Gimlekollen NLA College () is a private branch institution of NLA University College located in Gimlekollen in Kristiansand, Norway. It focuses on journalism, media, and communication. The school was established in 1981, became a college in 1996, and was affiliated with NLA University College on January 1, 2013. NLA University College is owned by six Christian organizations and a church community, and it is based on Christian values. The college is accredited by the Norwegian Agency for Quality Assurance in Education and is open to anyone regardless of life orientation.
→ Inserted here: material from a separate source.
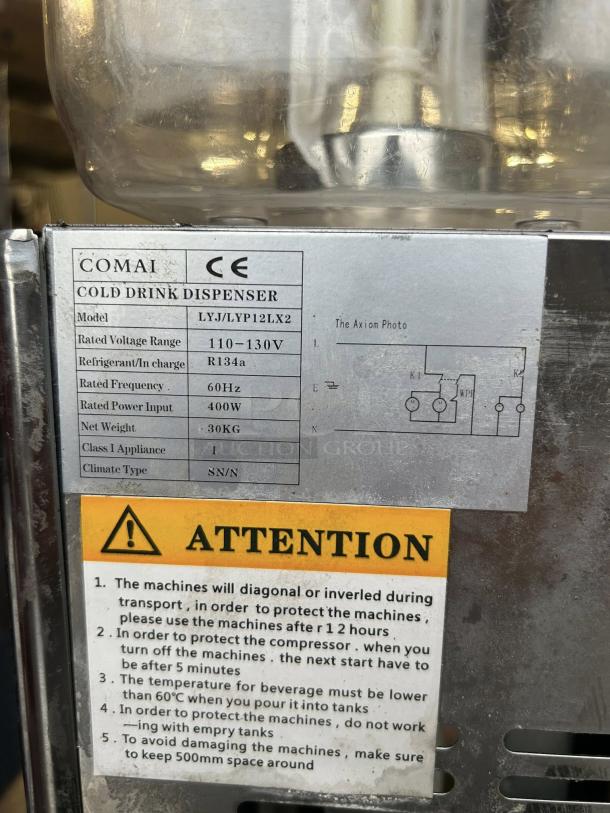 COMAI commercial beverage dispenser with two 12.7 Qt. tanks, model LYJ/LYP12LX2. Features stainless steel body and CE marking.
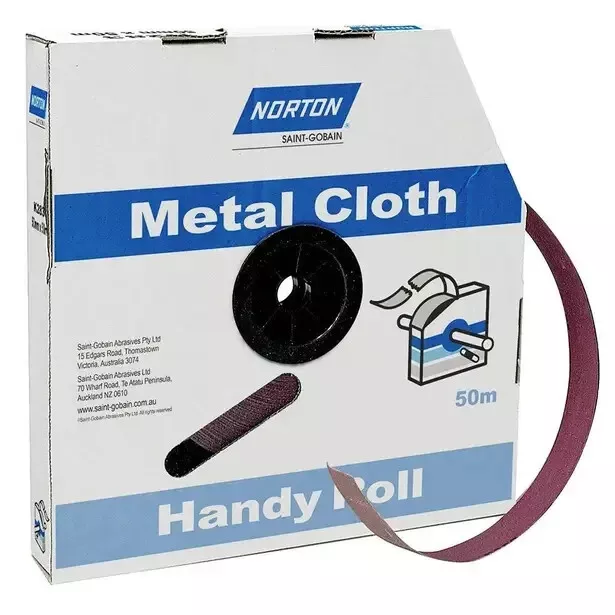 Norton 25Mm X 50M 100-Grit Metal Cloth Sanding Roll - Metalite - U K Brand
The institution offers a bachelor's degrees in journalism, IT and communications, intercultural communication, and communication and life orientation, as well as an English-language master's degree in global journalism. The institution, which has about 200 students, educates 10 to 20% of all journalists in Norway. NLA University College also operates the company Damaris Norge through a special framework; it is primarily associated with communication and philosophy of life. Damaris Norge is also located in Gimlekollen in Kristiansand.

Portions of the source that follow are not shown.